Healthcare organizations also should review roles versus access configurations and determine whether they are appropriate for the needs of the users, he added. For example, a nurse floater role will need access to more areas/departments than a nurse who is tasked specifically to ICU.

“CISOs need to review existing policies and procedures for authorization, identify verification and monitoring of use to confirm they are consistent with recent regulatory guidance and system capabilities,” he stated. “In addition, one should review auditing requirements to avoid ‘alert fatigue’ and confirm that the logging is capturing the data necessary for effective decision making.”
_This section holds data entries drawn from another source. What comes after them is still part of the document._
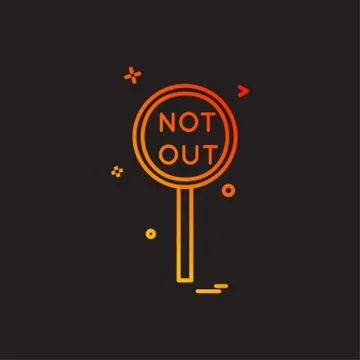 Notout decision umpire icon vector design Stock Illustration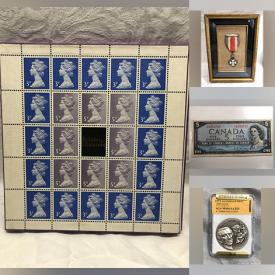 MaxSold Auction: This online auction features tokens, medallions, stamps, Royal\'s collectibles, banknotes, coins, vintage books, silver jewelry, vintage framed pictures, vintage newspapers, vintage viewfinder & slides, and much, much, more!!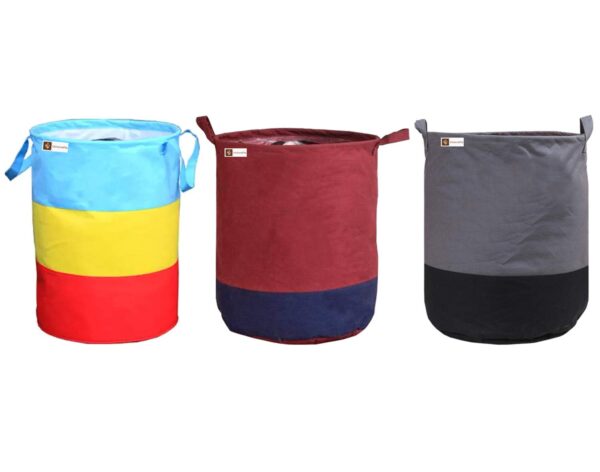 UNICRAFTS Non Woven Laundry Bag 45 L Durable And Collapsible Laundry Storage Bag With Handles Clothes&Toys Storage Foldable Laundry Bag For Dirty Clothes Combo Pack Of 3 Pc (Multicolor, Maroon&Grey)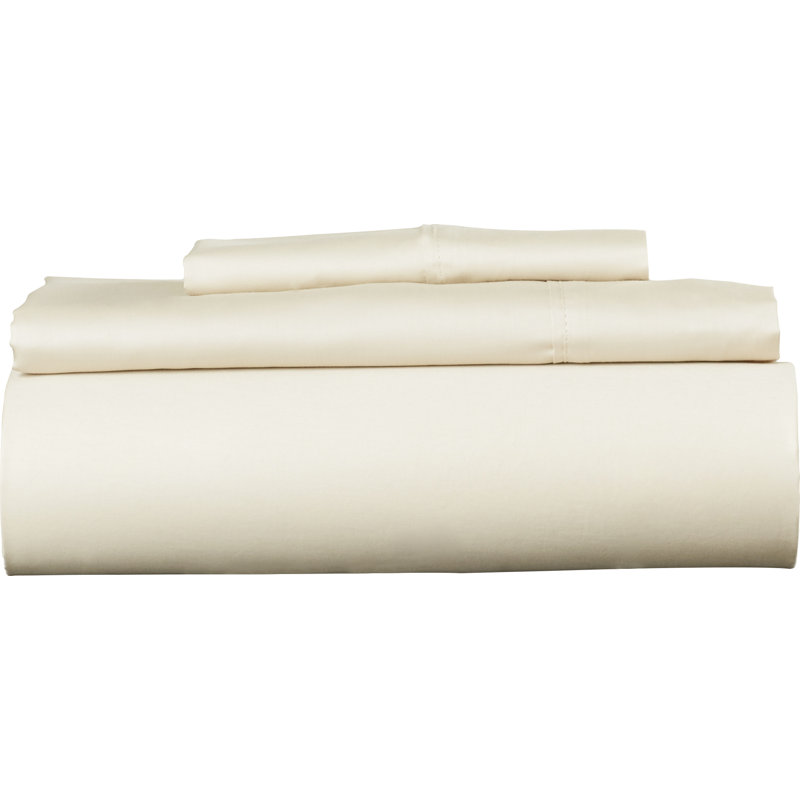 Egyptian Cotton Sateen Sheet Set, Full Sheet Set + 2 Pillowcases, Linen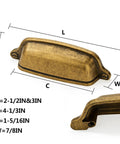10 Pack 3 Inch Antique Brass Cup Pulls With Aged Gold Finish dimensions and side view showing solid heavy duty cabinet handles.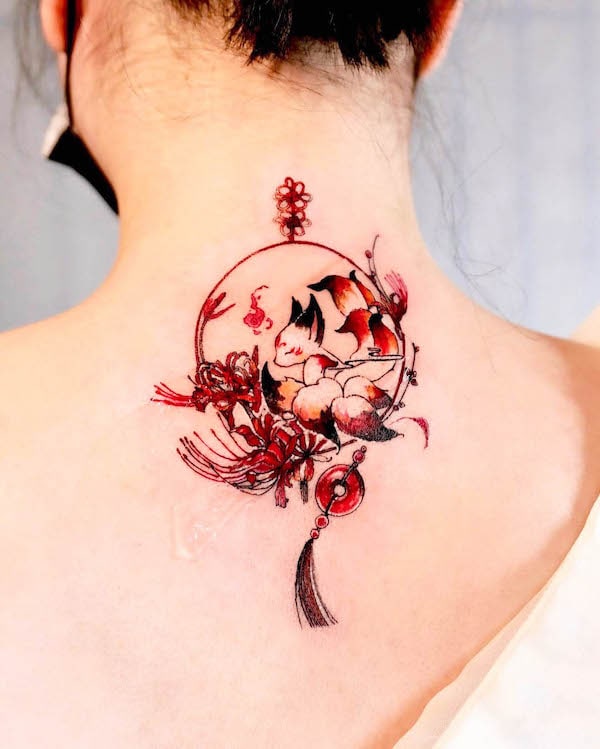 Flowers and red fox tattoo by @seolheetattoo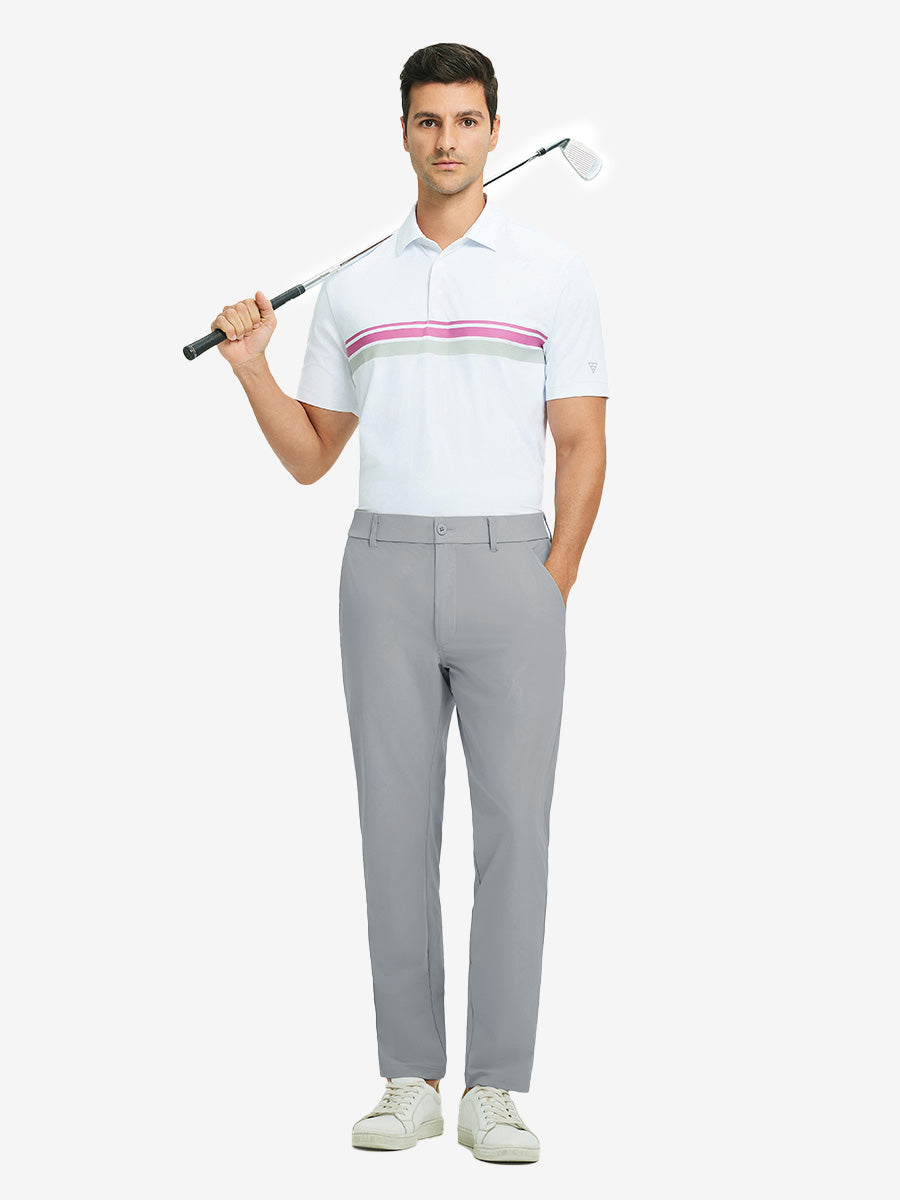 Full-body shot of model holding golf club, styled with quick dry casual dress pants in light grey.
Improving awareness and procedures

Healthcare organizations should involve, at minimum, the compliance officer, security and privacy officers, human resources, department and division managers, and information technology personnel in identity and access management. Involving the right people means that an organization can make enterprise-wide changes without undue disruption to patient care, Hillen said.

“A proactive access management program ensures that systems maintaining or processing sensitive electronic PHI data are available only to authorized individuals in the context of healthcare operations,” he said. “Access review protocols enable the organization to respond to inquiries, address security and privacy incidents, and prevent data breaches by detecting anomalous activity.”

Hillen offers five steps healthcare CIOs and CISOs can take now to improve identify access management awareness and procedures:

  1. Review administrative account access to servers and workstations. “Local admin” access often is overlooked with respect to end-points and can lead to unintended privileged access to systems or data.
  2. Review the process for elevated access requests and ensure that there is a strong separation of duties policy for administrative access. For example, a database engineer may need temporary privileges while a database administrator is absent. Such modifications should not be made unilaterally.
  3. Review group/shared accounts for necessity, then monitor their use for any anomalies or misuse.
  4. Review physical access logs for inappropriate access, such as an employee entering a restricted area outside of their normal work hours.
  5. Finally, review terminated employees, off-boarding workflows and employees with extended leaves of absence. A common finding is that terminated employees still have access to sensitive date 48 hours after their termination.